It’s easy to lose sight of this symbiotic relationship between land and body, but Faliveno highlights how closely the two are linked, even in a time when many of us—or me, at least—pay less and less attention to the world beyond our homes and screens. In Mount Horeb, the farming community of Faliveno’s childhood, the great outdoors is foundational, not optional; it’s the ever-present source of her community’s history and livelihood. Her portrayal isn’t drenched in homespun nostalgia. If anything, it serves as a grim reminder of the uncompromising harshness of the area, and the capriciousness that comes hand in hand with its beauty. “The Finger of God,” the book’s opening essay, makes it clear that living in the Midwest, and with the weather that formed it, is nothing short of a spiritual experience, a “fear-induced belief in something beyond my capacity to comprehend.” As Faliveno researches the aftermath of an F5 tornado that devastated a nearby community, she hears stories of miraculous survival and soul-destroying loss.
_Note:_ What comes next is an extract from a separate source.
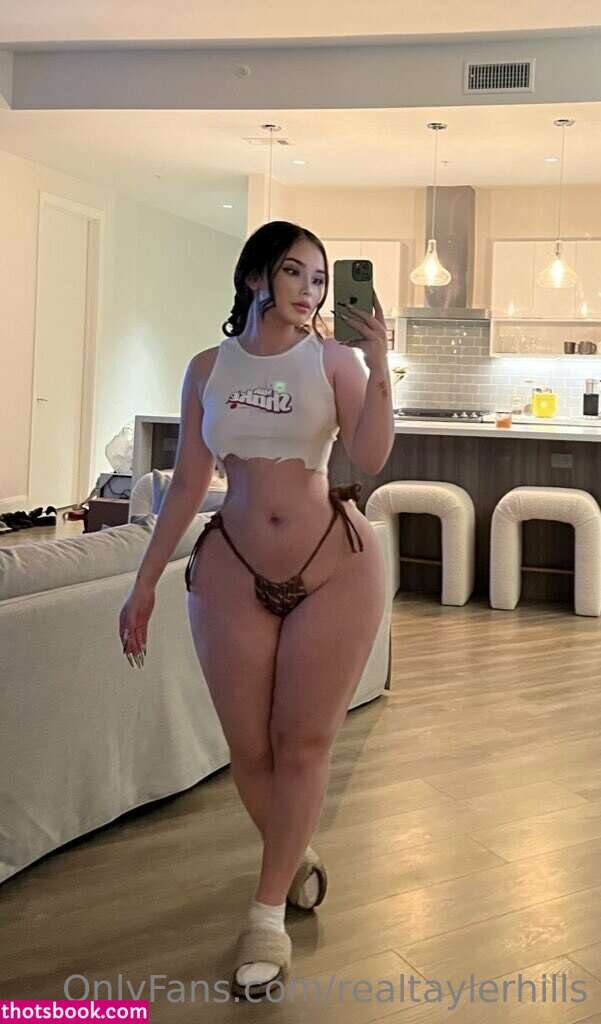 Tayler Hills Photo #37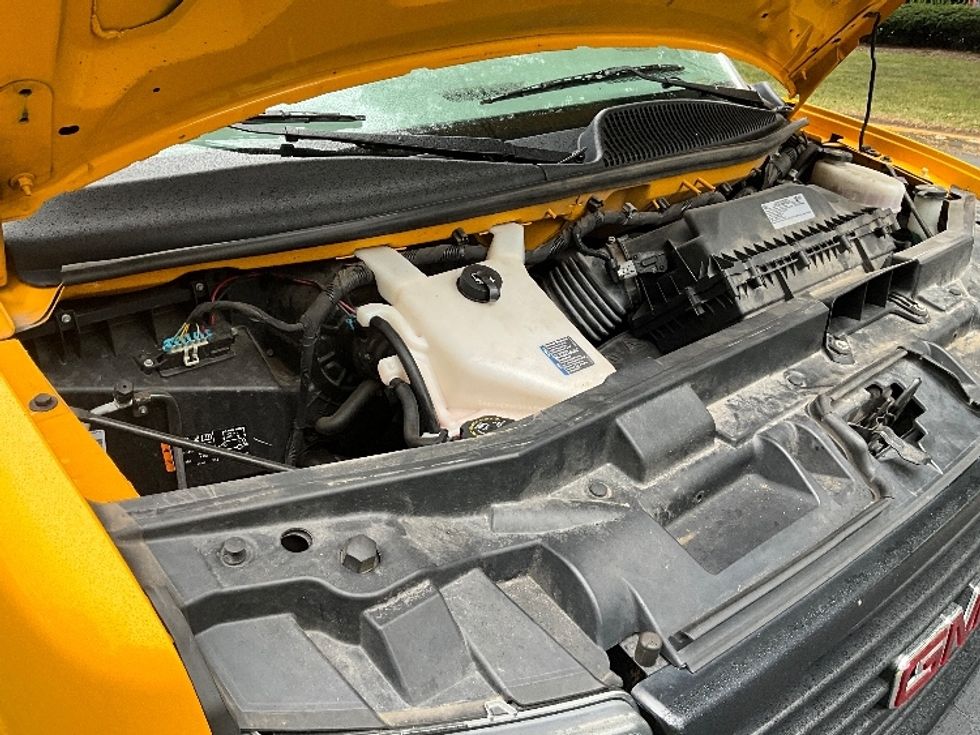 Light Duty Box Truck-Light and Medium Duty Trucks-GMC-2021-Savana G33903-Pottstown-PA-106,217\n\t\tmiles-$ 22,500 - Image 23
The wind wrenches one young woman out of her car and she survives, while in the same family a mother shields her son with her body as he dies underneath her. Woven through their experiences is Faliveno’s realization that the story she was always told of nearby hills protecting Mount Horeb from this tornado is a myth—the town survived by pure chance, the tornado barely scraping past them.
This picture of environmental indifference, powerful as it is, is complicated by later essays, that meditate not only on the way land can destroy life, but also on how it can build it. Faliveno uses her own body as a case study, writing with both poetic lyricism and concrete practicality. “We were corn and wheat and soy,” she says, and pages later describes how this imagery physically manifests: “They say your back and shoulders are broader, your hands are harder.” In “Motherland,” she compares place to a parent, writing, “I like to think of a mother’s body . . . as the lands upon which we are born.” Place may be indifferent to us, but Faliveno insists that we can never be indifferent to it.
The environmental determinism that the collection explores is nuanced enough to account for individual leaning and choice, showing how the influence of the Midwest can lead to differentiation just as easily as the conservatism more commonly associated with the region. Faliveno is particularly interested in girlhood and how that experience is shaped by the region, writing “when I think of the rural Midwest, I think of it as a place where a girl’s body is uniquely connected to the land.” Here, girls work the land like their fathers and brothers, and their bodies are broad and androgynous. Just as many grow up to be wives and mothers, many also discover a burgeoning queer or countercultural identity that is nurtured by norms and expectations of the area. In one essay, Faliveno uses landscape to describe a former lover, “She had a body like the earth, both hard and soft.” Linking her relationship to such imagery queers a landscape often portrayed as anything but welcoming to anyone living outside heteronormative stereotypes.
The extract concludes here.